Chronique

Ellery Eskelin

Arcanum Moderne

Ellery Eskelin (ts), Andrea Parkins (acc, sampler), Jim Black (d)

Label / Distribution : Hatology / Harmonia Mundi

Cliché : sur une plage abandonnée, coucher de soleil. Au loin se joue quelque chose qui ressemble à une samba, qui laisse place ensuite à une pulsation délicieusement hypnotique. Un saxophone vient s’y poser, mais à peine. Il semble ailleurs, perdu on ne sait où, en état de rêve. Peut-être tente t-il d’invoquer le fantôme de Stan Getz après tout. Qui sait ? Il y a de plus en plus de brume et la batterie puissante, éclatée, ramène tout ce beau monde sur terre. Pas de quoi en faire tout un plat : It’s Just A Samba !

Pas de quoi rester les pieds en éventail non plus, le drink à la main : le brusque retour citadin s’impose. L’urgence métropolitaine est évoquée sur fond de beat furieux (43RPM) et le saxophoniste y joue son va-tout, gorge nouée, tendant les notes pour mieux les incliner. Et ainsi de suite, le voyage continue. Dans des landes plus étonnantes où les climats brouillés se disputent à la pop la plus « triviale ». Et ça fait dix ans que ça dure, cette histoire. Vous n’étiez pas au courant ?

Oui, depuis dix ans le trio du saxophoniste américain Ellery Eskelin construit une des œuvres les plus cohérentes de ce qui se produit sous l’appellation « jazz ». Si elle est régulièrement saluée par la critique (« Le plus beau son de saxophone actuel » a-t-on pu lire ici et là), elle demeure, hélas, encore en marge du grand public.

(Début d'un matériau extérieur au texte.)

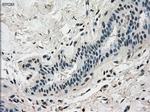 DHFR Antibody in Immunohistochemistry (Paraffin) (IHC (P))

« Créative », « réjouissante », « étrange »… voilà les trois mots qui pourraient résumer au mieux la musique de ce groupe. Arcanum Moderne se place d’emblée dans la lignée des meilleurs disques du trio (Kulak 29&30, One Great Day), ceux où la synthèse délicate entre recherche et efficacité est la plus aboutie. Ceux où le son d’Eskelin est à son apogée. Plein, généreux et lyrique (on y entend ou rêve deux notes à la fois), il peut devenir quasi inaudible, rempli de souffle, ou se dérober sous les trappes des faux doigtés.

Peut-être dira-t-on dans quelques décennies : « Le son d’Eskelin, ce trio, that was something ! » Peu importe, c’est le présent qui compte et ces nouvelles architectures permettent de ne pas désespérer du jazz et de la musique en général.